Like any other type of digital tool, survey analysis software is only as good as the information you feed it. To ensure you’re giving it a feast of valuable, relevant data, check out these four steps to take as you’re establishing your survey design.
Determine the Survey’s Purpose
Your first order of business is to figure out what you your survey to achieve. Some of the most common objectives for surveys include:
- Gathering feedback
- Learning more about your target audience
- Opening avenues of communication
- Tracking company performance
- Collecting market research
Let’s say you want to focus your digital marketing efforts on the social media channels that your target audience is most likely to use. Here you can launch a marketing research survey to learn more about your target audience’s social media habits.
Establish Your Hypotheses
You already have an idea that most of your audience regularly uses Facebook, but you’ve also heard murmurs that Instagram has been gaining ground. You don’t think LinkedIn is necessarily a solid source, since you’re a B2C rather than a B2B company.
Create a series of hypotheses, and then craft your survey to either support or discredit them. Examples are:
- Hypothesis 1: More than 75 percent of our target audience uses Facebook at least once a week.

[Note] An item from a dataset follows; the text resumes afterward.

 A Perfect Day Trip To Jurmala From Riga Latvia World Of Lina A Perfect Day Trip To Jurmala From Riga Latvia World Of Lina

- Hypothesis 2: Less than 25 percent of our target audience uses LinkedIn at least once a week.
- Hypothesis 3: Instagram is gaining ground within our target audience, with at least 50 percent of our audience using the platform at least once a week.

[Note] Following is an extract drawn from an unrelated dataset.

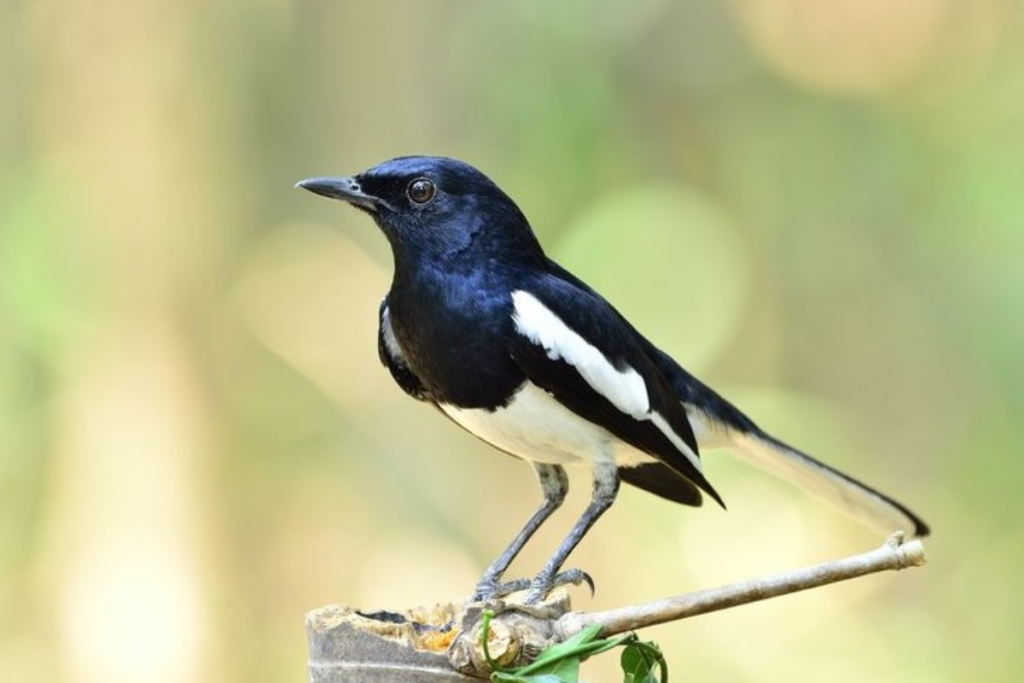 cara menjinakkan burung kacer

Craft Questions to Test Hypotheses
Your next step is to create questions and possible answers designed to test your hypotheses and otherwise gain the specific knowledge you’re seeking. Straightforward questions tend to work best, although you can combine a series of questions into a single question if it makes sense.
For example, you may initially come up with three separate questions regarding social media usage:
- How often do you use Facebook?
- How often do you use LinkedIn?
- How often do you use Instagram?
Your answers could include multiple choice options such as:
- At least once a day
- At least once a week
- At least once a month
- Less than once a month
Edit Questions as Needed
Once your rough draft of questions and answers are established, review them to see if any can be further simplified. For instance, the first three questions noted above are repetitive and actually give you more information than you need for your marketing purposes.
If you’re only going to consider marketing on social media channels the bulk of your audience uses at least once a week, you can narrow down your options. A revised version of the above questions might look something like this:
- Which social media channels do you use at least once a week?
- Other (please specify)
Once your questions are good to go, fill in the estimates of responses you think you’ll receive for each answer. Your previous hypotheses indicated:
- Facebook = 75 percent of respondents
- LinkedIn = Less than 25 percent of respondents
- Instagram = 50 percent of respondents
- Other (please specify) = At least 10 percent Snapchat, 10 percent Twitter, unsure on others
Make sure you include specific numbers, or how many responses you would expect in each category. Doing this enables you to compare your numbers with the final results you receive from your survey analysis software. You’ll then discover where your intuition is strong and where it may be off the mark.
One last tip is to keep it simple. You want to use simple questions, simple answers and an overall simple survey design. These four steps give you a foundation for a straightforward survey that gives your survey analysis software the data it needs to provide you with the insights you desire.